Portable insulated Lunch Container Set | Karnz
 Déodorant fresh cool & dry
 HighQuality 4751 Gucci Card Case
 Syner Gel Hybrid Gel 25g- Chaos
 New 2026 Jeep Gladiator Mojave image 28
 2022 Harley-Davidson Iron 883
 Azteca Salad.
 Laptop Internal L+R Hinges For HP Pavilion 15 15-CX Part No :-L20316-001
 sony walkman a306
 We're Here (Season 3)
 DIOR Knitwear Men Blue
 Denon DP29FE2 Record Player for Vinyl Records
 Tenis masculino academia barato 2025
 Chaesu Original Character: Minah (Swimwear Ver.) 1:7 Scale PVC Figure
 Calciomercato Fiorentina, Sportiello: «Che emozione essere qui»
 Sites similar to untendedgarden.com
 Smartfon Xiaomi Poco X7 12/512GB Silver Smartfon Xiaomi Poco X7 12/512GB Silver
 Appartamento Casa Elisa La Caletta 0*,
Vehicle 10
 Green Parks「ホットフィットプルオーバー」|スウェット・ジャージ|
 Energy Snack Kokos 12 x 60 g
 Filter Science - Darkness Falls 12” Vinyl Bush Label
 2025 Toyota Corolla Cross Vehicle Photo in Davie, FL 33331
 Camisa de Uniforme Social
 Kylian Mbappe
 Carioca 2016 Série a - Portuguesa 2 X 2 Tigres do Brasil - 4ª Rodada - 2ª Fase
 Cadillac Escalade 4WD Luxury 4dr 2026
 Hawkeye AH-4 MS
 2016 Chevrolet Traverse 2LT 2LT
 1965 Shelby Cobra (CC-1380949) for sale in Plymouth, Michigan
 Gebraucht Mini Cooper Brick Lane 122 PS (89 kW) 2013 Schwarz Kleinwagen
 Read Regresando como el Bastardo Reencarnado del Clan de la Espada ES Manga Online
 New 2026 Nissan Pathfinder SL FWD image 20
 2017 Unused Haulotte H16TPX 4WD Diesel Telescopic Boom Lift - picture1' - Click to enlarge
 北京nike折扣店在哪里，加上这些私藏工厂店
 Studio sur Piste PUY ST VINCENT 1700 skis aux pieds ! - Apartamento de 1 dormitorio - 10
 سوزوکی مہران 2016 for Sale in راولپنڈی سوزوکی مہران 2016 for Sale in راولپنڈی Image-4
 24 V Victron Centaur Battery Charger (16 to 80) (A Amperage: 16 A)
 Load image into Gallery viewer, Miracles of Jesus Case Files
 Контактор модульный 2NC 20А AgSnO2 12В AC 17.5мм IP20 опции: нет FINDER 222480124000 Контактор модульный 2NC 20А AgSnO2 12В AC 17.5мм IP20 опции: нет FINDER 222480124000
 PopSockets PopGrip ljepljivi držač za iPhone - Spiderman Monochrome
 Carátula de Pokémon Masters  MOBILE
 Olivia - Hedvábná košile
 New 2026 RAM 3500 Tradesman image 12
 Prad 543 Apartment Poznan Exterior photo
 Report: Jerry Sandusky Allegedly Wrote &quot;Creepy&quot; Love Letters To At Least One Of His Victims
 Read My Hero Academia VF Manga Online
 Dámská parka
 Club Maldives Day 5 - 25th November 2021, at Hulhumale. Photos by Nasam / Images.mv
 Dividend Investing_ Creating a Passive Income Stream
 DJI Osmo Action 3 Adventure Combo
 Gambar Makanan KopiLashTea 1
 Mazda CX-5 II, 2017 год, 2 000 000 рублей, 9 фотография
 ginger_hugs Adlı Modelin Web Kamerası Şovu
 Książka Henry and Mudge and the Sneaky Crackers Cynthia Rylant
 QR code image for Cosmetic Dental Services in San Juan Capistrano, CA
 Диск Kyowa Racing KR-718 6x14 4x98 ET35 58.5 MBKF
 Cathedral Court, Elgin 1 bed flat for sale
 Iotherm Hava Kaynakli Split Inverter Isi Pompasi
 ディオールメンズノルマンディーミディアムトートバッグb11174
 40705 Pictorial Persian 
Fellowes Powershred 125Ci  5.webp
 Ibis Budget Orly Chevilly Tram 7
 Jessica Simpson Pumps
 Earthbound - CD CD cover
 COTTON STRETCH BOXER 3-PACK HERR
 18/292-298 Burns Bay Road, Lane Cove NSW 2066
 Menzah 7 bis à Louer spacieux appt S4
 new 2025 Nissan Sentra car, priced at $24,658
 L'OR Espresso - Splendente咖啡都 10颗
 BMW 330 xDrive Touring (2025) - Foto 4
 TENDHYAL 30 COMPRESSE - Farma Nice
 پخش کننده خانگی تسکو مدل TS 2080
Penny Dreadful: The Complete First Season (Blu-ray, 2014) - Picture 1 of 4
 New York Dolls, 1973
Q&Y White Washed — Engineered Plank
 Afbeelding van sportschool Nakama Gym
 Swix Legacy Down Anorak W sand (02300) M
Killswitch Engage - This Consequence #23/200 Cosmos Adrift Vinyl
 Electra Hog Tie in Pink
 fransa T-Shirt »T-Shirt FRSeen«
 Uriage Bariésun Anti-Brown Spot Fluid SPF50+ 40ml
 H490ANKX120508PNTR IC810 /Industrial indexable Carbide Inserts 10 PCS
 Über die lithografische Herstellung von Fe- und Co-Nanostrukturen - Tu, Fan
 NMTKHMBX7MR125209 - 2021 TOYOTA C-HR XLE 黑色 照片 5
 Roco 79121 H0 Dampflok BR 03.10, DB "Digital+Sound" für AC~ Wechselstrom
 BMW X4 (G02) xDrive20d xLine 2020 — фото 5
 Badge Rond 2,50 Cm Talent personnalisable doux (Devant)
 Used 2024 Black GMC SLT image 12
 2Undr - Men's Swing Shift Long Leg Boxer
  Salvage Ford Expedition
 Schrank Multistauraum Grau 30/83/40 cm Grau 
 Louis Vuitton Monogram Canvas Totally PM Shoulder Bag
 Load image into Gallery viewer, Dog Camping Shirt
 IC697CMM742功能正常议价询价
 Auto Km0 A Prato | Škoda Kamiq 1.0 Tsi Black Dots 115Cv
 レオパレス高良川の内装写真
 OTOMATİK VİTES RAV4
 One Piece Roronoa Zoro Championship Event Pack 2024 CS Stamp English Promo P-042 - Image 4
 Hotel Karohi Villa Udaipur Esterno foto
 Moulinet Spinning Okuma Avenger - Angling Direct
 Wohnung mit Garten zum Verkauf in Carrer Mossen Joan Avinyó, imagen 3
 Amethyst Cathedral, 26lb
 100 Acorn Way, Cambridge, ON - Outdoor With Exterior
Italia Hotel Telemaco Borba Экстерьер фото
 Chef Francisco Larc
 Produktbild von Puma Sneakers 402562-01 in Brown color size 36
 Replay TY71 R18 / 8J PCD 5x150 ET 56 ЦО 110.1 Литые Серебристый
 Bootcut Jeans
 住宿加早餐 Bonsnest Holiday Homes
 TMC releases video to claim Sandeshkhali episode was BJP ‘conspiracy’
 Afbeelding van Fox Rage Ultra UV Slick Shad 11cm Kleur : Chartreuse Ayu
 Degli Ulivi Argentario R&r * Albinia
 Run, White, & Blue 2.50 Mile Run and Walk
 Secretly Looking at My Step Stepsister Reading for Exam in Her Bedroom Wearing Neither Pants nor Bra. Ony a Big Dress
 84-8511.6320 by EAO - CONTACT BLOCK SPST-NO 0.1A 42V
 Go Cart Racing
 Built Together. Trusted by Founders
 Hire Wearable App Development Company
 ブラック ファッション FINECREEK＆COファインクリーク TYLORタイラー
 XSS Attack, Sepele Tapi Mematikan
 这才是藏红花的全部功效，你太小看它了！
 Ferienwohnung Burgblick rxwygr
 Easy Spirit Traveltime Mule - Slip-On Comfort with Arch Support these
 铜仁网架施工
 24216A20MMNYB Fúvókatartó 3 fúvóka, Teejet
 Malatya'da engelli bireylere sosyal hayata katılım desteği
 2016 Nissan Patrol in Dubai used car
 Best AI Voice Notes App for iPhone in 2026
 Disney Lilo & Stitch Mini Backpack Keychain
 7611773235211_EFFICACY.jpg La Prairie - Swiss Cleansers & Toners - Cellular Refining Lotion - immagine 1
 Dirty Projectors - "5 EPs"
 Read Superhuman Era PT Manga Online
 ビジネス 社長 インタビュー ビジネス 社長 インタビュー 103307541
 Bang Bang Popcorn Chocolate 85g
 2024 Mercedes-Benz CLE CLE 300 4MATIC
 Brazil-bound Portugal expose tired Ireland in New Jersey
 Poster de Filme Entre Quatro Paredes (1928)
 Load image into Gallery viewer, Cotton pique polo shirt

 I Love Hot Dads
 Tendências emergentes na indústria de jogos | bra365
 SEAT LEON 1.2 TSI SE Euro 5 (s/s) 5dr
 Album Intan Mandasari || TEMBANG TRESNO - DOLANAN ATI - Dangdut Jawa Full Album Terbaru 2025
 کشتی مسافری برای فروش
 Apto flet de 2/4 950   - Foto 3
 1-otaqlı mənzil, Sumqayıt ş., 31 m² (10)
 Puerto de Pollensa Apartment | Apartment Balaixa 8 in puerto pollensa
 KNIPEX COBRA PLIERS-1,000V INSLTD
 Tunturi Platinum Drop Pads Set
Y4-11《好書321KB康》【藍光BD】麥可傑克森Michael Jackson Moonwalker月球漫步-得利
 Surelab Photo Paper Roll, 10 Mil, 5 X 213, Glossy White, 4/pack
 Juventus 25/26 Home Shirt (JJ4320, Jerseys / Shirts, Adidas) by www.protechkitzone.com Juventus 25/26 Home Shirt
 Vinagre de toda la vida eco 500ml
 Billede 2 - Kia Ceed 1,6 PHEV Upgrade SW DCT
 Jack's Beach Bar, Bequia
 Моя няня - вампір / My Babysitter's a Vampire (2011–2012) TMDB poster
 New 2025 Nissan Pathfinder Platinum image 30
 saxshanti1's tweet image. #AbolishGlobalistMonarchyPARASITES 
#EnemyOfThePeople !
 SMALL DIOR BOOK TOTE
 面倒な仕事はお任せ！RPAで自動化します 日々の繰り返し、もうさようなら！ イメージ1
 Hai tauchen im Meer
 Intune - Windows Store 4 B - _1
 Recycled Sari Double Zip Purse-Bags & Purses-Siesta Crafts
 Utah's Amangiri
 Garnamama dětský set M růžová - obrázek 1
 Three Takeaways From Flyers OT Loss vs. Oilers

ABOUT THIS EXERCISE:
Every line above that includes the word "Brown" must appear in the answer.

ANSWER BOX:
 Uriage Bariésun Anti-Brown Spot Fluid SPF50+ 40ml
 Produktbild von Puma Sneakers 402562-01 in Brown color size 36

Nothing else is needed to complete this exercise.